**Your objective:** The expected output is an exact copy of the lines from the one containing "Från höger: Elin" to the final line below, minus any pictures.

**Input data:**

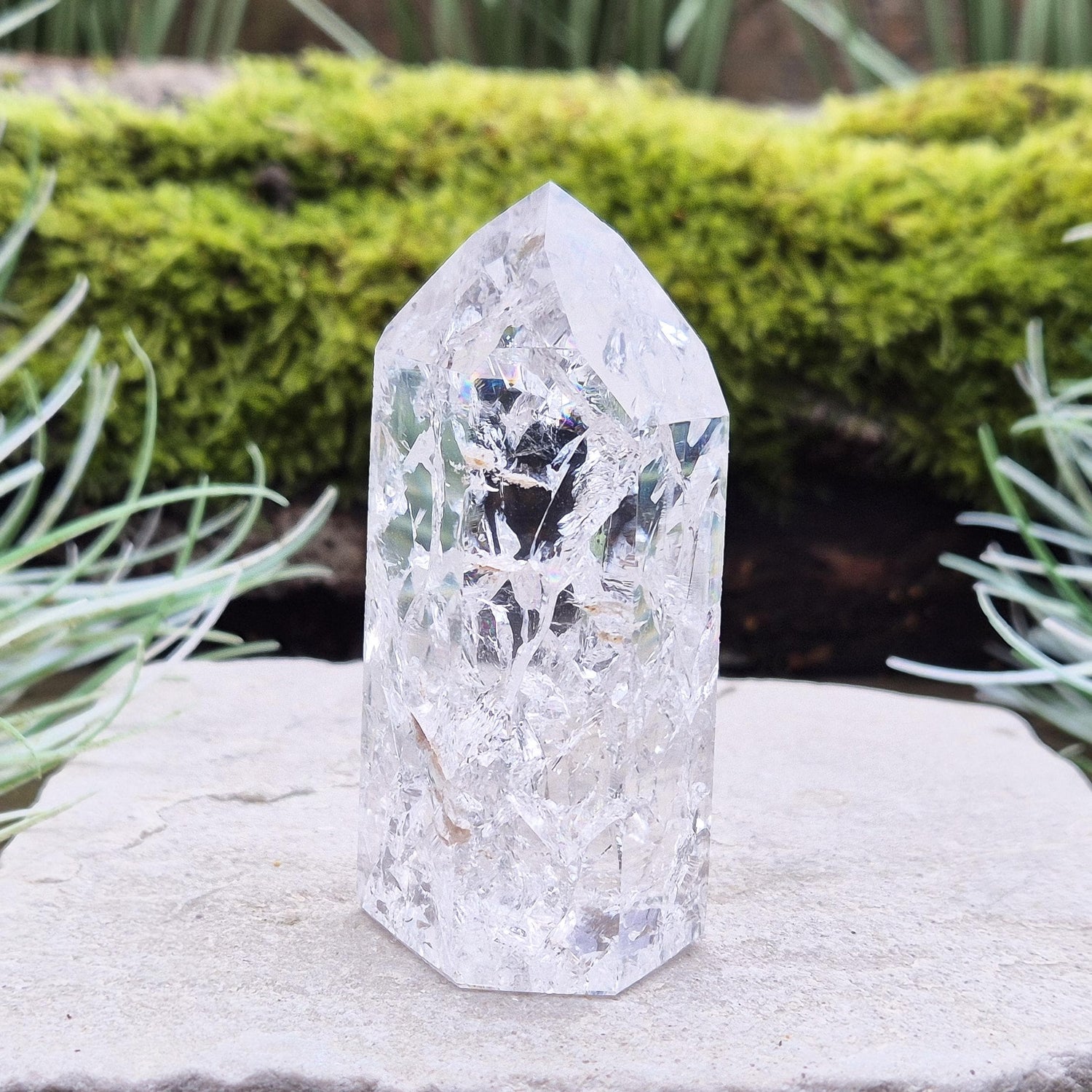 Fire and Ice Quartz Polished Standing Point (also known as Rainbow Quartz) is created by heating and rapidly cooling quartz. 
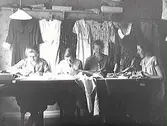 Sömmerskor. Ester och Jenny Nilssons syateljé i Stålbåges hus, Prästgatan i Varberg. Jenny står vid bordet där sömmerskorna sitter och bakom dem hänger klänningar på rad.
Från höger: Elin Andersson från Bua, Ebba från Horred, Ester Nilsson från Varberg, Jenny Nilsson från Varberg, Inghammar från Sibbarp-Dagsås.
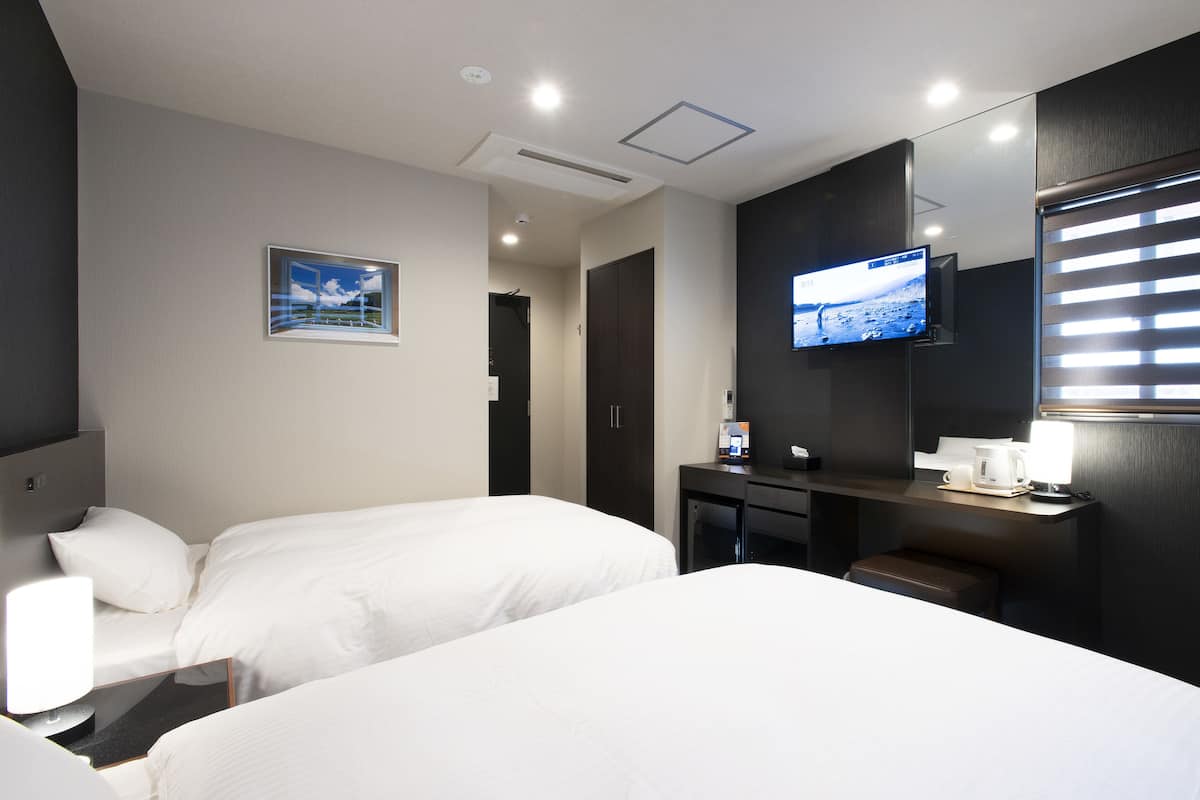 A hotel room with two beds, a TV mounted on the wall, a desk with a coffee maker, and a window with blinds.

**Task output:**
Från höger: Elin Andersson från Bua, Ebba från Horred, Ester Nilsson från Varberg, Jenny Nilsson från Varberg, Inghammar från Sibbarp-Dagsås.
 A hotel room with two beds, a TV mounted on the wall, a desk with a coffee maker, and a window with blinds.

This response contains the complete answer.